RECORD EXCERPTS -
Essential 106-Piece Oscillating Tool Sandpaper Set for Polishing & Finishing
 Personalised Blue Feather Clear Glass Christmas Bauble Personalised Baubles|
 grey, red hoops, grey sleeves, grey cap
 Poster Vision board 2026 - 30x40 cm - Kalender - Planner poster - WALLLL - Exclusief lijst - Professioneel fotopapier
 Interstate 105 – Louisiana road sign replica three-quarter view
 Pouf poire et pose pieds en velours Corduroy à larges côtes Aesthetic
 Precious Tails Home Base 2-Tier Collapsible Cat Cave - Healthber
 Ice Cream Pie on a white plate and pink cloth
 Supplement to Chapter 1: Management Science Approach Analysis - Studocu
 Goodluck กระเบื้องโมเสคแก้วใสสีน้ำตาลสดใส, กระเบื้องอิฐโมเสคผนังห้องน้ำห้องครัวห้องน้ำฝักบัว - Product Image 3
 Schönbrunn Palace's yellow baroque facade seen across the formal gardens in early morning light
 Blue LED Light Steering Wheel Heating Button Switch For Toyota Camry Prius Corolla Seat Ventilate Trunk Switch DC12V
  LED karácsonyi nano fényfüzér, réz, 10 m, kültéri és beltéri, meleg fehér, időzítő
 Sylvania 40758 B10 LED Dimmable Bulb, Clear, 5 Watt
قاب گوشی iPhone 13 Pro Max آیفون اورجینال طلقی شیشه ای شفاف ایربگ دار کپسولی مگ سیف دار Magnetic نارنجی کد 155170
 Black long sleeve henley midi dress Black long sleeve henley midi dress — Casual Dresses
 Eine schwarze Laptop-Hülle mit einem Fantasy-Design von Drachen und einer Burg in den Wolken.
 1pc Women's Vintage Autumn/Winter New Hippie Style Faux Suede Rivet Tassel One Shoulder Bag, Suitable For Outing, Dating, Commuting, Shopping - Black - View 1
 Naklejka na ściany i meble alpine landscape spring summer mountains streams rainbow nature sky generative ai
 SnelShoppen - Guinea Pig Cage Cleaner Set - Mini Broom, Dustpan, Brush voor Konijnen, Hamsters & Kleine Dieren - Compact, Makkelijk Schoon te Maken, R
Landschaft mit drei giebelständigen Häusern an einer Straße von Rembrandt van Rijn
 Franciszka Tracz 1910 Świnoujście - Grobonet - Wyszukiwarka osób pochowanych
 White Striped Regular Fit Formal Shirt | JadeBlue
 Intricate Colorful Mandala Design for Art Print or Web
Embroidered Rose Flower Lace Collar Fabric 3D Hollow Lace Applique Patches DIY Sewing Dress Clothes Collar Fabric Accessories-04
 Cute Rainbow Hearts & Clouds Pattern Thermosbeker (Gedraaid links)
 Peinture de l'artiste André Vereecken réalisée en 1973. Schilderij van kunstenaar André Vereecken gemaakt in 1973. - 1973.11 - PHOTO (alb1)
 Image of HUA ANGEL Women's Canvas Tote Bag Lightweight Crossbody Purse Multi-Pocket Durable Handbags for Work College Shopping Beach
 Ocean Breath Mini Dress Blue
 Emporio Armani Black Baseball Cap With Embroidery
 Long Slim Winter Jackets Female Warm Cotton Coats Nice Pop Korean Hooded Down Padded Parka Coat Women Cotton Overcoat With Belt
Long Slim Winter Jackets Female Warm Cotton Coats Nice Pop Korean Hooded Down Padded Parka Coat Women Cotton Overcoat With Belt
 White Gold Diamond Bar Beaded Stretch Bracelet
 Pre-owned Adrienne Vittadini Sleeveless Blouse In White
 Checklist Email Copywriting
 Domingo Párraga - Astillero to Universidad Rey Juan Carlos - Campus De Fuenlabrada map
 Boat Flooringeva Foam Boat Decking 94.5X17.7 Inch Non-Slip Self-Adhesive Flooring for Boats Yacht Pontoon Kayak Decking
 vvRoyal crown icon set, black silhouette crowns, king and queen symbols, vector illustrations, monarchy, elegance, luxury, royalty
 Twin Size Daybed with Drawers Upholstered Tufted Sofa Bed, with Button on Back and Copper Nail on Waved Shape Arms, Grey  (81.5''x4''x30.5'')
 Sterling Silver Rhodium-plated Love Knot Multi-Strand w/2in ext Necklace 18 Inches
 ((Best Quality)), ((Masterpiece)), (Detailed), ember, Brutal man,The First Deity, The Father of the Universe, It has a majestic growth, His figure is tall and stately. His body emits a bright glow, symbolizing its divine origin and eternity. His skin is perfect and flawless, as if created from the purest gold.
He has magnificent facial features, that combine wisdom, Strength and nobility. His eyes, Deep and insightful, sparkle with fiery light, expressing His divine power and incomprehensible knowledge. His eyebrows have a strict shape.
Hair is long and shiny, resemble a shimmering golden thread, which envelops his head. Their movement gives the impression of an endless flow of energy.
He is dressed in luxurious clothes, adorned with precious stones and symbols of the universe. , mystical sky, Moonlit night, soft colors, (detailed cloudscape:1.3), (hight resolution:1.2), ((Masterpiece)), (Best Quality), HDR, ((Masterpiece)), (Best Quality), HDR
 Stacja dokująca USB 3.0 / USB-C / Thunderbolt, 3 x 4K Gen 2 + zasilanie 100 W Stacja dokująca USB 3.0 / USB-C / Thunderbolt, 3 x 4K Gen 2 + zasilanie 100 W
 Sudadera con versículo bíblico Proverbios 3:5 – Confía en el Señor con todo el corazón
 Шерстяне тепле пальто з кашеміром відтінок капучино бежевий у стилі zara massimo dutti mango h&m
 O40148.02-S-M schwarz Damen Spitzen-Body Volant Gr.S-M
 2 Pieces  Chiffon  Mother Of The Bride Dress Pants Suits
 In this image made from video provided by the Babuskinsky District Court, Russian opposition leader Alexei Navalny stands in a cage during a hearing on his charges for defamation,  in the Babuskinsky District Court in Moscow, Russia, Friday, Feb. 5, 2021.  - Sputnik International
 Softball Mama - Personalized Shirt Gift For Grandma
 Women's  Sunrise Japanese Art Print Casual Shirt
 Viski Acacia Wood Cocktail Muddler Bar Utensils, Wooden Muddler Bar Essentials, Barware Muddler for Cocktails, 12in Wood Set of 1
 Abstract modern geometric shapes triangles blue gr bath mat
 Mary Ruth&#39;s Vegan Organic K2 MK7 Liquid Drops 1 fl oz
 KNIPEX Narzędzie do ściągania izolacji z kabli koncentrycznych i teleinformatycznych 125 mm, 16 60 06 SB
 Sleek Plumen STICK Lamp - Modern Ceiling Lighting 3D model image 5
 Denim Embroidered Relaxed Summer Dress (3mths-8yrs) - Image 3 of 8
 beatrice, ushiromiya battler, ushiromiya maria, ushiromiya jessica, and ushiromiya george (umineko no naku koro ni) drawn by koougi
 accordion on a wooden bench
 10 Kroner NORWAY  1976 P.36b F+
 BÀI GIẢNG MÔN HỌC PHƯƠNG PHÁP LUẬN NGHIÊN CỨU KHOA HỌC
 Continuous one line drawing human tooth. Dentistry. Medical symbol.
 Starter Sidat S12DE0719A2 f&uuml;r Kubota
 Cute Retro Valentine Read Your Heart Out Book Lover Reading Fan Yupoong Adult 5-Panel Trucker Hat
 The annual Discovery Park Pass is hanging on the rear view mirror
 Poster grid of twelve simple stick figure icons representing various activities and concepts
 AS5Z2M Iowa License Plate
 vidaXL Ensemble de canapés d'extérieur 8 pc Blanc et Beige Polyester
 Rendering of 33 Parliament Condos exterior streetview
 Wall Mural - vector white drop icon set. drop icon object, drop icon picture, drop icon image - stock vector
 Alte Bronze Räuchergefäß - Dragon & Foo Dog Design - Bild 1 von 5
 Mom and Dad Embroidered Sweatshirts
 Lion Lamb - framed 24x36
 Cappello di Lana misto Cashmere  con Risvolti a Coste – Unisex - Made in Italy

PROBLEM DETAILS - If a line in the records contains the string "Women", copy it out.

WRITTEN SOLUTION -
 1pc Women's Vintage Autumn/Winter New Hippie Style Faux Suede Rivet Tassel One Shoulder Bag, Suitable For Outing, Dating, Commuting, Shopping - Black - View 1
 Image of HUA ANGEL Women's Canvas Tote Bag Lightweight Crossbody Purse Multi-Pocket Durable Handbags for Work College Shopping Beach
 Long Slim Winter Jackets Female Warm Cotton Coats Nice Pop Korean Hooded Down Padded Parka Coat Women Cotton Overcoat With Belt
Long Slim Winter Jackets Female Warm Cotton Coats Nice Pop Korean Hooded Down Padded Parka Coat Women Cotton Overcoat With Belt
 Women's  Sunrise Japanese Art Print Casual Shirt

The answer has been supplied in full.